▶ TASK DESCRIPTION
Below, find the line containing "Stock Photo - Man"; from there to the final line, print every line exactly and skip the pictures.
(ENTRIES SHOWN begins)
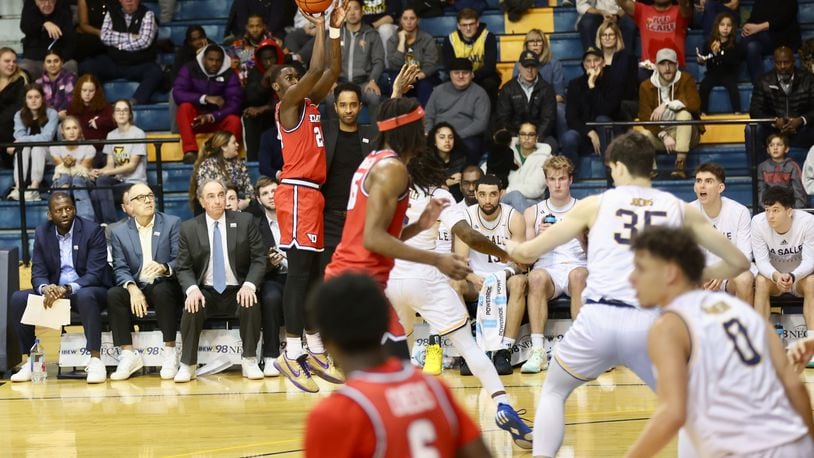 Dayton's Kobe Elvis makes a 3-pointer against La Salle on Tuesday, Jan. 23, 2024, at Tom Gola Arena in Philadelphia. David Jablonski/Staff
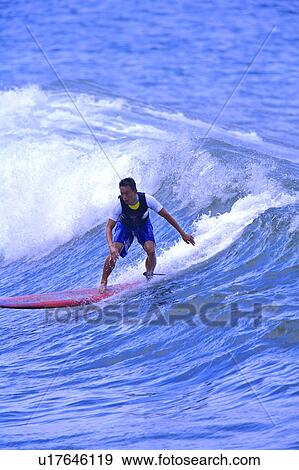 Stock Photo - Man surfing on the sea skillfully. Fotosearch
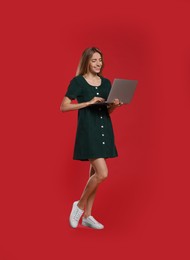 Photo of Full length portrait of young woman with modern laptop on red background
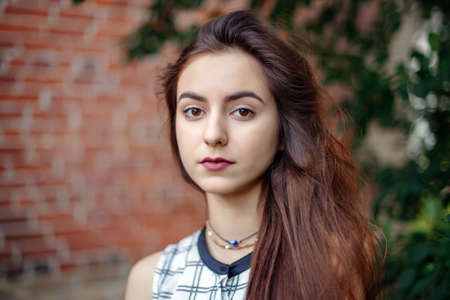 Closeup portrait of beautiful pensive young middle eastern Caucasian jewish woman with long dark hair, black brown eyes, looking in camera. Girl in white plaid shirt against brick wall. Natural beautyの写真素材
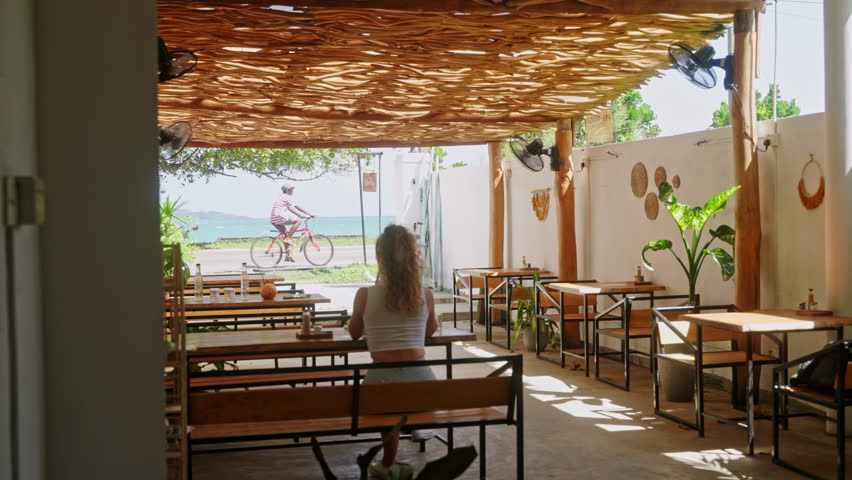 Woman relaxes in tropical cafe, gaze ocean view. Bicyclist passes by idyllic beachside. Casual dining looks serene seascape, offers escape to laid-back lifestyle, summer vibes felt in airy open space.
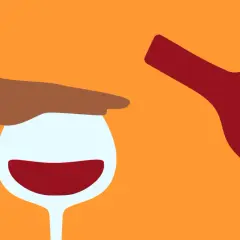 En hand stoppar ett vinglas med rött vin, medan en flaska hälls. Känslan av ångest av alkohol kan vara överväldigande.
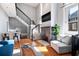 Bright living room with hardwood floors, a fireplace, and neutral decor at 2 Francis St # I, Charleston, SC 29403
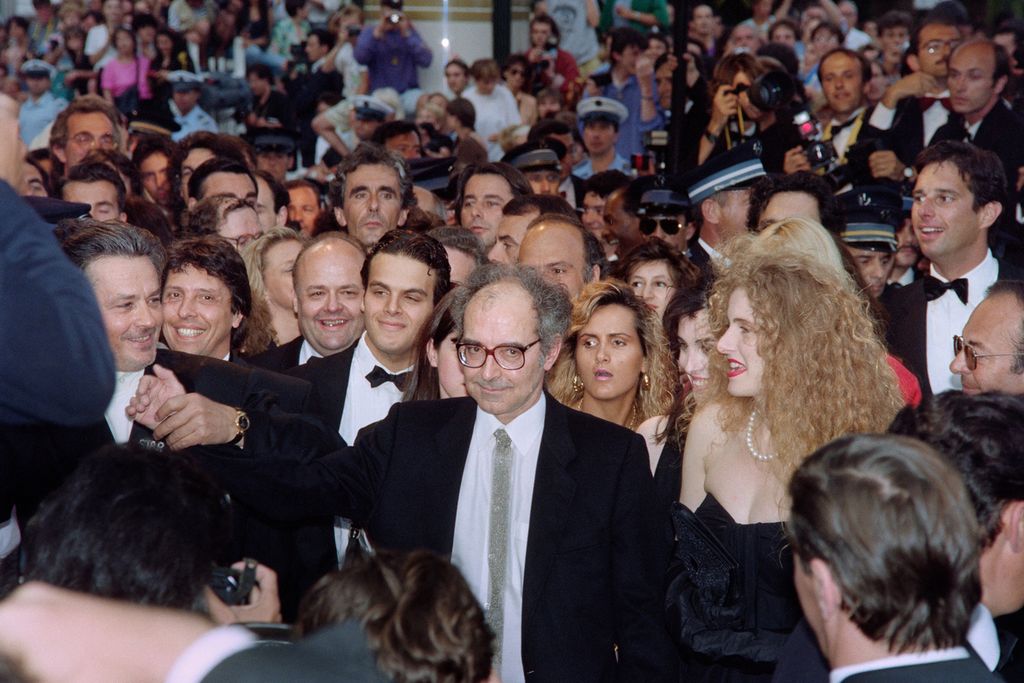 Sutradara Perancis-Swiss Jean-Luc Godard (tengah) didampingi oleh aktor Perancis Alain Delon (kiri) dan aktris Italia Domiziana Giordano (kanan). Mereka tiba untuk pemutaran filmnya, <i>Nouvelle Vague</i>, selama Festival Film Cannes ke-43, di Cannes, Perancis, 18 Mei 1990.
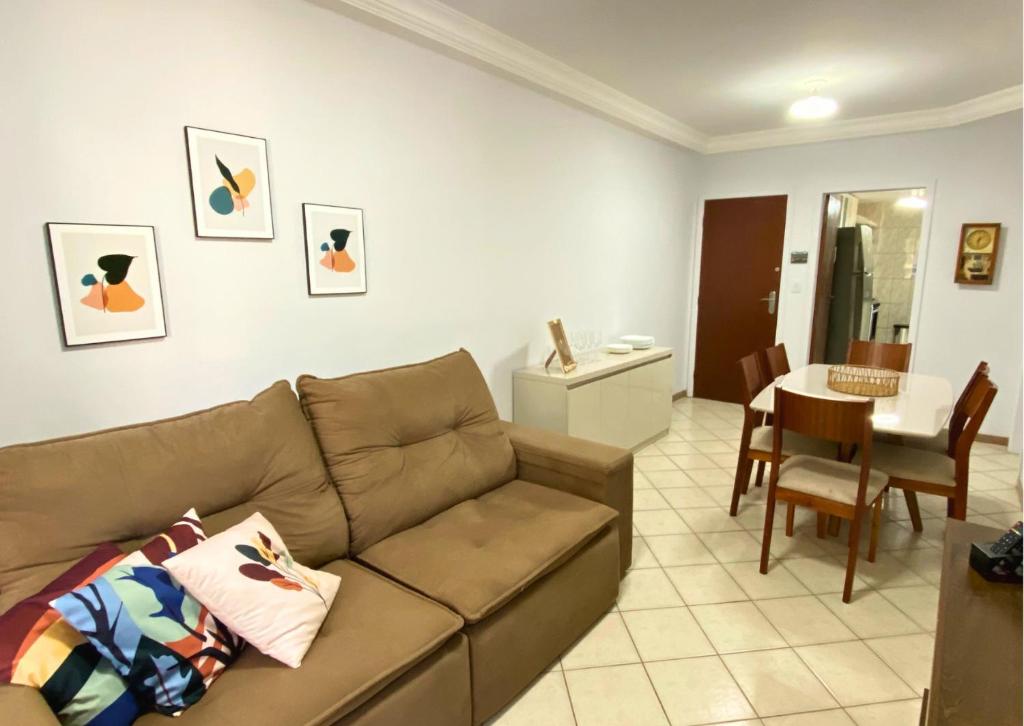 a living room with a couch and a dining room at Apartamento recantoazul es Conforto Total a 50m do Mar Apartamento Recém-Reformado na Praia de Castelhanos, ES, para 7 Pessoas Aconchegante e Completo, com 3 Quartos e 1 Suíte in Anchieta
(ENTRIES SHOWN ends)
▶ ANSWER TO THE PROBLEM
 Stock Photo - Man surfing on the sea skillfully. Fotosearch
 Photo of Full length portrait of young woman with modern laptop on red background
 Closeup portrait of beautiful pensive young middle eastern Caucasian jewish woman with long dark hair, black brown eyes, looking in camera. Girl in white plaid shirt against brick wall. Natural beautyの写真素材
 Woman relaxes in tropical cafe, gaze ocean view. Bicyclist passes by idyllic beachside. Casual dining looks serene seascape, offers escape to laid-back lifestyle, summer vibes felt in airy open space.
 En hand stoppar ett vinglas med rött vin, medan en flaska hälls. Känslan av ångest av alkohol kan vara överväldigande.
 Bright living room with hardwood floors, a fireplace, and neutral decor at 2 Francis St # I, Charleston, SC 29403
 Sutradara Perancis-Swiss Jean-Luc Godard (tengah) didampingi oleh aktor Perancis Alain Delon (kiri) dan aktris Italia Domiziana Giordano (kanan). Mereka tiba untuk pemutaran filmnya, <i>Nouvelle Vague</i>, selama Festival Film Cannes ke-43, di Cannes, Perancis, 18 Mei 1990.
 a living room with a couch and a dining room at Apartamento recantoazul es Conforto Total a 50m do Mar Apartamento Recém-Reformado na Praia de Castelhanos, ES, para 7 Pessoas Aconchegante e Completo, com 3 Quartos e 1 Suíte in Anchieta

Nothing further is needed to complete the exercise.